Du 13 au 18 Novembre

De Alejandro Amenabar Espagne-Italie 2025 2h 14 VOSTF
Avec Julio Pena, Alessandro Borghi Miguel Rellan….

Au XVIe siècle, la Méditerranée occidentale est marquée par une intensification des affrontements maritimes entre les puissances chrétiennes et les provinces ottomanes d’Afrique du Nord. Ces conflits prennent notamment la forme du corso – entre course et piraterie – au cours duquel des navires corsaires capturent des bâtiments ennemis et leurs équipages, dans le but d’obtenir rançons ou échanges de prisonniers. Ces pratiques, encadrées par des règles reconnues de part et d’autre, s’inscrivent dans une économie organisée du captif.
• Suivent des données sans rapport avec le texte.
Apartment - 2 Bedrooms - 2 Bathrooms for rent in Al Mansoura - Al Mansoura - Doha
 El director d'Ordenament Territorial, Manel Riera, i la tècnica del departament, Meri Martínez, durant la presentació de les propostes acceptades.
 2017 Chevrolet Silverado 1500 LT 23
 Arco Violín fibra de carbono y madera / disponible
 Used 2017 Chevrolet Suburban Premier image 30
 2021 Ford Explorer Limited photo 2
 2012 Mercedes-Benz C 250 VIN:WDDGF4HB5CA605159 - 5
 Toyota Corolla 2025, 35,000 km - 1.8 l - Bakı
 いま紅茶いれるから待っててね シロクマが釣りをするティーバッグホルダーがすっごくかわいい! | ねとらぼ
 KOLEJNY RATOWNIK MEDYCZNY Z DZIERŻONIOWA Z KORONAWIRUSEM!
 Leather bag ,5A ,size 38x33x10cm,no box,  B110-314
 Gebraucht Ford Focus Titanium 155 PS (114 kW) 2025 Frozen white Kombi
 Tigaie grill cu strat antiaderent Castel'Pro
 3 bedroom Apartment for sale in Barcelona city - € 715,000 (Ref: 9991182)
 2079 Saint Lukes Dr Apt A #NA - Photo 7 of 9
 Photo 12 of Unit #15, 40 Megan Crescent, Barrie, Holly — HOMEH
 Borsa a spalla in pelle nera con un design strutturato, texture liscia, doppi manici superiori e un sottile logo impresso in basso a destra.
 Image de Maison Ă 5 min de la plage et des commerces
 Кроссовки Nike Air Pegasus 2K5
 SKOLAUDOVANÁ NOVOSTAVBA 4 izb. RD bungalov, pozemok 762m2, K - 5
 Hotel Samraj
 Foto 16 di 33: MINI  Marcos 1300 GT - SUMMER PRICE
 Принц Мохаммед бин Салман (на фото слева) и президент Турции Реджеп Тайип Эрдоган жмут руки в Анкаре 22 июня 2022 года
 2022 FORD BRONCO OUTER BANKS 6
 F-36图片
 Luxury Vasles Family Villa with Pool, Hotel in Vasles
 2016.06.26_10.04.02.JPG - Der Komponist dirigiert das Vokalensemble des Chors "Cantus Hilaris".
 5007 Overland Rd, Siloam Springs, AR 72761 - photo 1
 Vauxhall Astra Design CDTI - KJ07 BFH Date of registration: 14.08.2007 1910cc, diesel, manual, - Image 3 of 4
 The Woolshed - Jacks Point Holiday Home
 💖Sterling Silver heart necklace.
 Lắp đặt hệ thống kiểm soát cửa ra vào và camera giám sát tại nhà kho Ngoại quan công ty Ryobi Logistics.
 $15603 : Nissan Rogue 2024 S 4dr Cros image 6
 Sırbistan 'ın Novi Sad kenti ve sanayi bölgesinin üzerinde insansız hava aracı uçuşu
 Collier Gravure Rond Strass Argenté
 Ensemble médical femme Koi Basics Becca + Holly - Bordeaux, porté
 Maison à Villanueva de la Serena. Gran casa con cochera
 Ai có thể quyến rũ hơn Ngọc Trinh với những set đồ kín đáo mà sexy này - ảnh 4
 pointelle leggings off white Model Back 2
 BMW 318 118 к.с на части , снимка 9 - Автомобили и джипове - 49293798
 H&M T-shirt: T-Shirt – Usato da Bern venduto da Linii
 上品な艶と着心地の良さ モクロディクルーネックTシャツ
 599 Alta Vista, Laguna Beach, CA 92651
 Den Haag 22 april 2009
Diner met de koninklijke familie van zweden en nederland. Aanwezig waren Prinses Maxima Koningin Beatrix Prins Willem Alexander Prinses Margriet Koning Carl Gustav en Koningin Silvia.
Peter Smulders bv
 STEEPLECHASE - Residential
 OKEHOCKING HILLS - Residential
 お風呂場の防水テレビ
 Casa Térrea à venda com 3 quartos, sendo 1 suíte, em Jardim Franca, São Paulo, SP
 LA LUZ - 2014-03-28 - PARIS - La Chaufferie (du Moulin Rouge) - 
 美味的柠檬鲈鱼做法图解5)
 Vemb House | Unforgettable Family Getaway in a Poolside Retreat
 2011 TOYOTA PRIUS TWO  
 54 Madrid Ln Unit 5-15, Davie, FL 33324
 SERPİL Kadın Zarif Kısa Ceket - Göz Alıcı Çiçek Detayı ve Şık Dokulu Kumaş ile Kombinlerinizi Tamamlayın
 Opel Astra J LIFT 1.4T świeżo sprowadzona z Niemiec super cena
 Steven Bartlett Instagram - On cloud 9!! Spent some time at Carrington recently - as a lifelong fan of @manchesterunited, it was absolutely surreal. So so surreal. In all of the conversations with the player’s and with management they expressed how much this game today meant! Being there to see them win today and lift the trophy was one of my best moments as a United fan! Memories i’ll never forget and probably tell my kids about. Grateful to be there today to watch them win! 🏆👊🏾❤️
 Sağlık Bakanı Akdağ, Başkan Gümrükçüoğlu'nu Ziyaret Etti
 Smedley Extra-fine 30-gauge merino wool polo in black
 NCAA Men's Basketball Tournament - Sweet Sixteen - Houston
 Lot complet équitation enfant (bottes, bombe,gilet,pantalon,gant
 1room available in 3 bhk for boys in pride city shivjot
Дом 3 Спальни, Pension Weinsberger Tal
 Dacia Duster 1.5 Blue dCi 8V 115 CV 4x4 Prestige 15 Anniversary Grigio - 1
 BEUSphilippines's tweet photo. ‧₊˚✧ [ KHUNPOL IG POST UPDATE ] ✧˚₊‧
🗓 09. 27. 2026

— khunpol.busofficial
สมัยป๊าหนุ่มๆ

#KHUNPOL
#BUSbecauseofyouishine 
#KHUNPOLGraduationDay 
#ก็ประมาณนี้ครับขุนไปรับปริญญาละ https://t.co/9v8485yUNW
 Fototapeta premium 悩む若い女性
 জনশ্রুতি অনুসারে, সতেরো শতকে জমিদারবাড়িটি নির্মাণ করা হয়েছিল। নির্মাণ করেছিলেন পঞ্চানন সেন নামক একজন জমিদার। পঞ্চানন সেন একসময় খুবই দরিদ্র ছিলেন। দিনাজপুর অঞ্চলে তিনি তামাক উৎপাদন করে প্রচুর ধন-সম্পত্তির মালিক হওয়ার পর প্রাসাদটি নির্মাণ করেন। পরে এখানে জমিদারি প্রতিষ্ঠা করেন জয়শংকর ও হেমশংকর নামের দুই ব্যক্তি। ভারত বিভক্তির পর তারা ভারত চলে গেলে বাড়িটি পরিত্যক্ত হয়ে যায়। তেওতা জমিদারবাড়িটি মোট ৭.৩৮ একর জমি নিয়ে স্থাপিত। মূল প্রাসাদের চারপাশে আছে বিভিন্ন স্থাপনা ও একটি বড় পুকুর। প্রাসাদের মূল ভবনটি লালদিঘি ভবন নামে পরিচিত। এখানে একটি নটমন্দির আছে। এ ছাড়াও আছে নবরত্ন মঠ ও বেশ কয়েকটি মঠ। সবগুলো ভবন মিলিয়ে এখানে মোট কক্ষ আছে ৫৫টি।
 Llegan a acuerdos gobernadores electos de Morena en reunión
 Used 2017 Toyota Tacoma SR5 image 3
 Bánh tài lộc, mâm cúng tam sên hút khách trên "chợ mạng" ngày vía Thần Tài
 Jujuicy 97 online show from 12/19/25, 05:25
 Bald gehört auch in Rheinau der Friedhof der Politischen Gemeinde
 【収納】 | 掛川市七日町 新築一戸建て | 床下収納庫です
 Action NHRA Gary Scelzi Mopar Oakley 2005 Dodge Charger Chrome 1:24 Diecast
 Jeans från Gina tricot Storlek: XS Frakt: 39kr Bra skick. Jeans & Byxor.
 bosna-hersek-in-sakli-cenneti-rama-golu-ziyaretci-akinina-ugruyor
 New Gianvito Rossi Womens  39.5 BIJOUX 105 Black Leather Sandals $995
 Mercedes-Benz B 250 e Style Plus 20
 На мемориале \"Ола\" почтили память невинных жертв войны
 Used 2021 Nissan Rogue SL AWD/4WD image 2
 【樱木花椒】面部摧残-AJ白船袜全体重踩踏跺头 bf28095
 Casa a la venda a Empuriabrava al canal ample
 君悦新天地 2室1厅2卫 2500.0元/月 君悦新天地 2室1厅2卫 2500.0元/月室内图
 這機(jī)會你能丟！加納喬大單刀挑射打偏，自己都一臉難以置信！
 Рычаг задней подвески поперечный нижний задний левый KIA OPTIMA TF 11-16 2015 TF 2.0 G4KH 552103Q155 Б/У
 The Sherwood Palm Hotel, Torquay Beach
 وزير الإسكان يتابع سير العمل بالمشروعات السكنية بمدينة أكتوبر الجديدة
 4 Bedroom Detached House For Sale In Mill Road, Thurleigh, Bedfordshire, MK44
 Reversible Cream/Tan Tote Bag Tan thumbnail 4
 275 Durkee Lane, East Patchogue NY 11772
C’est dans ce contexte que Miguel de Cervantès, ancien soldat de la bataille de Lépante, est capturé lors d’un trajet entre Naples et l’Espagne.Il sera alors retenu dans une prison à ciel ouvert pendant presque 5 ans. . Pour tromper l’ennui, il se plonge dans les ouvrages de la petite bibliothèque du Père Antonio de Sousa, qu’il dévore rapidement… Cervantès se met alors à inventer des histoires d’évqsion et prend un malin plaisir à imaginer son retour à la liberté – il gagne même les faveurs des autres captifs qui attendent avec impatience la suite de ses récits.Jusqu’au jour où un garde vient le chercher et l’escorte, anxieux, jusqu’au sultan lui-même. Se met alors en place une relation de dominé / dominant entre Cervantès et le Pacha.
Signé Amenábar, ce presque huis-clos à ciel ouvert est une énorme bouffée d’air frais, et prend un tournant assez inattendu, faisant preuve d’une liberté de ton assez réjouissante… Julio Peña Fernández apporte son charme désinvolte et sa fragilité à l’écrivain en devenir qui, à la manière de Shéhérazade dans Les Mille et Une Nuits, utilise ses talents de conteur pour arracher un peu de liberté au sultan, conquis par l’imagination mais, aussi, par la jolie frimousse de son captif. L’homosexualité de Cervantès n’a jamais pu être certifiée par les historiens ? Amenabár s’en moque, qui transforme la forteresse d’Alger en une sorte de backroom du XVIe siècle dirigée par un seigneur très camp aux yeux cernés de khôl (l’acteur italien Alessandro Borghi
La surcharge décorative un rien kitsch de la direction artistique pourra faire sourire mais participe d’une vision stimulante du choc des cultures. Dans son péplum Agora (2009), hommage à la philosophe et astronome du IVe siècle Hypatie d’Alexandrie, le réalisateur présentait déjà le christianisme comme une puissance obscurantiste hostile à la science. Il récidive dans Cervantès avant Don Quichotte, où l’intolérance, religieuse mais aussi sociale, se situe davantage du côté de l’Espagne très catholique que de l’Empire ottoman. Amenabár reconstitue une ville d’Alger propice aux plaisirs où un chrétien, pour peu qu’il se soit converti à l’islam, avait davantage d’opportunités de s’élever socialement que dans son pays européen d’origine aux situations figées par les privilèges aristocratiques. Il suggère aussi que Cervantès, à rebours de « la guerre des civilisations » prônée par nombre de ses compagnons de geôle, est devenu un écrivain majeur en s’ouvrant à l’altérité et en puisant dans la culture de l’ennemi. En ces temps de repli identitaire, le message est bienvenu.